John Doyle, managing partner at SolutionStream Performance Improvement Group, has been consulting on strategy, leadership and organization culture for the last 25 years and is on the working group alongside Treen and Winkel. He said the database will be a place for all mining companies in Canada to cite SIF incidents, collaborate and share learnings on a timely basis to get better at preventing fatalities and serious injuries in mining.

“Right now, each province has its own standards, statistics and reporting structure and there is nowhere where we tie it all together,” he said. “When a fatality happens, we often know about it, but we don’t know exactly what happened.
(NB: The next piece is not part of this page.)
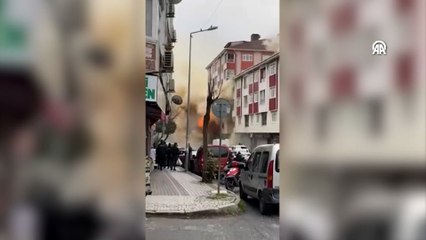 Gaziosmanpaşa'da spor salonunda çıkan yangın söndürüldü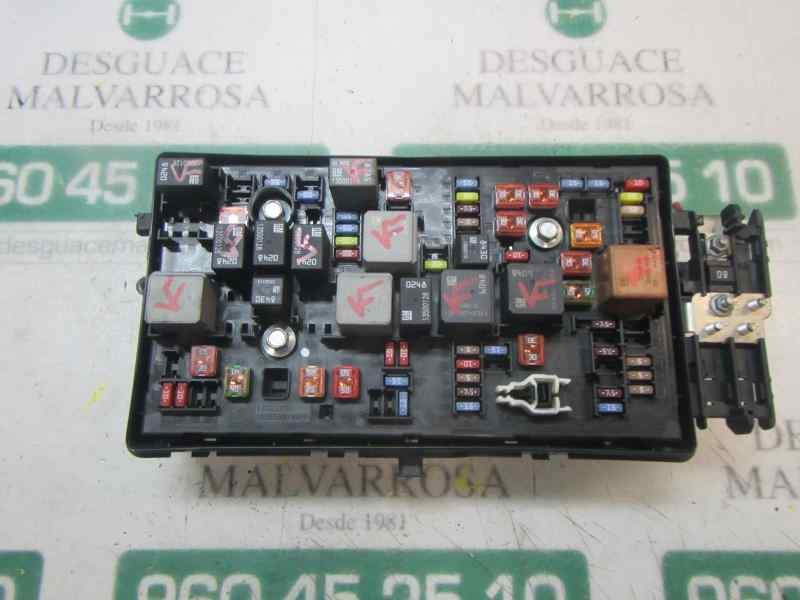 Recambio de caja reles / fusibles para opel insignia berlina 2.0 16v cdti referencia OEM IAM 13275881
The sooner we can learn about it, the sooner we can look in our own backyards to see if we have a similar situation going on.”

While there has been tremendous progress in mining over the last 25 years to broadly reduce injuries, Doyle said the industry has “flatlined” on the serious injury and fatality side; the challenge still lies in fully understanding how to change that. “It’s about how to create a zero-fatality mindset and a belief across all levels of the operation that we’re not going to lose people or send them home debilitated from serious injuries,” he said.

Even with the best safety plans in place, Doyle said organizations need to recognize that a safety culture will not happen overnight; it takes consistency, visible leaders at all levels willing to listen and workers who feel empowered to speak up and act. “There are some mining operations that are already well on their way because they had inspired leaders who understood the important role of leadership, and then there are others that still have a lot of work to get there,” he said.

As ICMM’s Cartwright noted, leadership is still central in turning safety culture from aspiration into reality. “When leaders consistently model safe behaviours, empower people to speak up about hazards and tie decision making to risk awareness, safety becomes embedded in daily operations and resilient—even as technology, processes and risks evolve,” she said.